The closure corresponds with the peak spawning season of sea cucumbers as they share their juices in the salty brine.
Bird lovers will be able to learn more about their fine feathered friends on Saturday when the WDFW hosts an online forum that’s been billed as Waterbirds of Washington.
The live event will begin at 10 a.m., with WDFW staff orchestrating the talk in order to educate the public on the nitty gritty details that make up the lives of waterfowl in the Evergreen state.
“As part of the Pacific Flyway, we are incredibly well located for those who want to enjoy the migration of waterfowl coming through the state,” Kyle Spragens, WDFW waterfowl section manager, said in a press release. “At this event we’re going to virtually take participants to three different sites to show people how they can experience waterbirds and waterfowl, plus the wetland habitat conservation partnerships that help make it possible.”
In addition to WDFW staff, the Zoom conference will include representatives from the Audubon Society, Ducks Unlimited, and the U.S Fish and Wildlife Service. Topics will include:
— Participants will hear about bird watching tips, species diversity, and more from an expert birding guide from Olympic Peninsula Audubon Society in Sequim.
— At McNary National Wildlife Refuge presenters from the refuge and WDFW will discuss the national wildlife refuge system, conservation work to provide habitat for waterbirds, snow geese, and other wildlife.
— Partners from Ducks Unlimited and U.S. Fish and Wildlife Service will discuss the critical contributions of hunters to conservation of waterbirds, partnerships at Turnbull National Wildlife Refuge, and the inspiring stories of spring bird migrations in eastern Washington.
Public participation, including a question and answer opportunity, will be opened up as time allows. Pre-registration for the event is not required. Live access to the conference can be obtained online at zoom.us/j/95133923218. Afterward, a recording of the event will be available at www.youtube.com/thewdfw.
After several weeks of strong snow in the mountains avalanche danger continues to be high in the Cascade range. As a result, operators at White Pass Ski Area are discouraging the public from making any ventures into the backcountry.
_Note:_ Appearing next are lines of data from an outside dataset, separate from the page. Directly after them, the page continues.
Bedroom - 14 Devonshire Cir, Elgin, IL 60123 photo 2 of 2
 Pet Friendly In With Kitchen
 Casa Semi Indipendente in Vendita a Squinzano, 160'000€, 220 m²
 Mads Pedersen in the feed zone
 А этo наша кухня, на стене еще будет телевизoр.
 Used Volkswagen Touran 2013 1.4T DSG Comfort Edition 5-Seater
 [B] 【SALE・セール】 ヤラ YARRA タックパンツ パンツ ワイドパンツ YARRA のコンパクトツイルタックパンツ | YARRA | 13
On the manicured and patrolled sections of the slopes on Thursday morning temperatures were recorded at around 21 degrees. On the ground conditions included six new inches of snow over the previous 36 hours, with two inches of snow falling in the previous day. That snowfall brought the total snowpack at the summit up to 126 inches with 76 inches piled up near the base of the skiing area.
Unfortunately for the unwashed masses, daily lift tickets have already sold out for Saturday’s runs at White Pass, which means only season ticket holders will be able to show up unannounced and still have a good time. However, the Nordic skiing area is open Thursday through Sunday each week, plus holidays, while the tubing area is open Wednesdays and Fridays at 11:30 a.m., and Saturdays and Sundays at 9:30 a.m.
On Thursday afternoon, Mt. Hood Meadows was enjoying temperatures just below 30 degrees with one new inch of snow to note over the previous 12 hours. However, the previous two days saw 13 inches of fresh snow pile up at the ski area. That snowfall brought the snowpack up to 172 inches halfway up the slopes and 132 inches around the base.
“Deep snow makes for great fun, and also has the potential to create great danger—so take the time to practice deep snow safety and stay close to your buddy today,” read a conditions report on the Mt. Hood Meadows website. “Avalanche danger is real: respect closures and bring your safety gear (beacon, shovel, probe, and partner) so you can have an awesome and safe day shredding freshies on the slopes.”